Aim of the exercise
Reproduce exactly the lines from the one containing "1/18 Ivy Models" through the last line of the records below, both included, and nothing else.

Exercise inputs
● ● ● ● ●
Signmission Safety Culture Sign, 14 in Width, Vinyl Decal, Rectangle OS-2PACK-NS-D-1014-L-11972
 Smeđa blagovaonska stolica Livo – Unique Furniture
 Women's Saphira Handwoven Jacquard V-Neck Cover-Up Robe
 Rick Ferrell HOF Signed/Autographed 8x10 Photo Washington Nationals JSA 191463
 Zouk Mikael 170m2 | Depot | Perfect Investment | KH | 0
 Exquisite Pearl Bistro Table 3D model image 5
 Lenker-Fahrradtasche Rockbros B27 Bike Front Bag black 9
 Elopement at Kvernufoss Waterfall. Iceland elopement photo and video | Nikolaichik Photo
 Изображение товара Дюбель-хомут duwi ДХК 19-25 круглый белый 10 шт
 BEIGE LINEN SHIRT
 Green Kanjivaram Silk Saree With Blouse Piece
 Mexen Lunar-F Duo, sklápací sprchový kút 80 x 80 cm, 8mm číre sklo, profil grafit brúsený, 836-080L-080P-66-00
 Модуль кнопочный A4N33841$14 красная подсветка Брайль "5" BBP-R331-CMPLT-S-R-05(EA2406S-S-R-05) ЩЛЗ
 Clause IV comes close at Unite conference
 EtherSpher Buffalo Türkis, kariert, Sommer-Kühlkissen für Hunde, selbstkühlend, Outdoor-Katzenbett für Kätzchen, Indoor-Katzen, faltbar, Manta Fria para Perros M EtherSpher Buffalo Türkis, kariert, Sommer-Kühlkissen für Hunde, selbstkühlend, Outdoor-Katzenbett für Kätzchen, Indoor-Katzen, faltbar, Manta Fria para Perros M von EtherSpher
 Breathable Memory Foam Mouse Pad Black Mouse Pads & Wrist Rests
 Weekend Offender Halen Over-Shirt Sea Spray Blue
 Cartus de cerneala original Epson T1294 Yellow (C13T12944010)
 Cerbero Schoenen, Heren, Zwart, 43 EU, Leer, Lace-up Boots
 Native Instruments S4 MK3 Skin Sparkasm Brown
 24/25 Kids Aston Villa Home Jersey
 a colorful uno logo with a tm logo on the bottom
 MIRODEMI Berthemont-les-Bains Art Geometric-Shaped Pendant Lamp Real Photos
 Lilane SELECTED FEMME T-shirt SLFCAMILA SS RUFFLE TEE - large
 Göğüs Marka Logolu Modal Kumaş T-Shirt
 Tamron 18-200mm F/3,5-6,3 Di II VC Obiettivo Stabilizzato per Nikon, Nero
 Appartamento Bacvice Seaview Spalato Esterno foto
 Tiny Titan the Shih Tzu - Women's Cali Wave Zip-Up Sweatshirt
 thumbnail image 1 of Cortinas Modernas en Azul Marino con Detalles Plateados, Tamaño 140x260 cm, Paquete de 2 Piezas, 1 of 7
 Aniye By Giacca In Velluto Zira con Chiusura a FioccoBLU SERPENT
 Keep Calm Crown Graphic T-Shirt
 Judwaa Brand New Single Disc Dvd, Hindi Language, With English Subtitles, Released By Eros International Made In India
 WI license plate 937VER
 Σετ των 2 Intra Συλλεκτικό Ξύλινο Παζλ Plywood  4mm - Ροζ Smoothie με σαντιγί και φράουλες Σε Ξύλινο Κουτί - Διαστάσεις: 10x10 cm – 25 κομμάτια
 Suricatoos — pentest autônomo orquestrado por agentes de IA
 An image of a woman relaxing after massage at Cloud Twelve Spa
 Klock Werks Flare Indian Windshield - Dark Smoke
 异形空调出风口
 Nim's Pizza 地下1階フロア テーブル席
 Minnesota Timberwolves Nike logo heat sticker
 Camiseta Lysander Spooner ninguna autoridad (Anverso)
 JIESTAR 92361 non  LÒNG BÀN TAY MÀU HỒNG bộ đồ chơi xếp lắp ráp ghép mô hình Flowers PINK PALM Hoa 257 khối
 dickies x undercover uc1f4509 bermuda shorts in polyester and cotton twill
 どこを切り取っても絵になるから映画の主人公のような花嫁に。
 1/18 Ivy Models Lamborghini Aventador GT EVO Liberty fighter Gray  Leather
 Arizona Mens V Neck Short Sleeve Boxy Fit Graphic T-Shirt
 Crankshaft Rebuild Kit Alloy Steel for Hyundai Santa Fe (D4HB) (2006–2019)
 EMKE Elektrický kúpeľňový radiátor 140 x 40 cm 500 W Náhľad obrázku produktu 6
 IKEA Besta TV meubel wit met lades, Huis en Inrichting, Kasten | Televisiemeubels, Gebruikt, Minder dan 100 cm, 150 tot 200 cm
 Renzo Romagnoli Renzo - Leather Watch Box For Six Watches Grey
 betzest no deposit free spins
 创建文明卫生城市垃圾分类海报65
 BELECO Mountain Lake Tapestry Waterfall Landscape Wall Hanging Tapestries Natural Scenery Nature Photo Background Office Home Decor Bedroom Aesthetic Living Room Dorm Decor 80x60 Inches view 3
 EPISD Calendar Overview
● ● ● ● ●
The completed task
 1/18 Ivy Models Lamborghini Aventador GT EVO Liberty fighter Gray  Leather
 Arizona Mens V Neck Short Sleeve Boxy Fit Graphic T-Shirt
 Crankshaft Rebuild Kit Alloy Steel for Hyundai Santa Fe (D4HB) (2006–2019)
 EMKE Elektrický kúpeľňový radiátor 140 x 40 cm 500 W Náhľad obrázku produktu 6
 IKEA Besta TV meubel wit met lades, Huis en Inrichting, Kasten | Televisiemeubels, Gebruikt, Minder dan 100 cm, 150 tot 200 cm
 Renzo Romagnoli Renzo - Leather Watch Box For Six Watches Grey
 betzest no deposit free spins
 创建文明卫生城市垃圾分类海报65
 BELECO Mountain Lake Tapestry Waterfall Landscape Wall Hanging Tapestries Natural Scenery Nature Photo Background Office Home Decor Bedroom Aesthetic Living Room Dorm Decor 80x60 Inches view 3
 EPISD Calendar Overview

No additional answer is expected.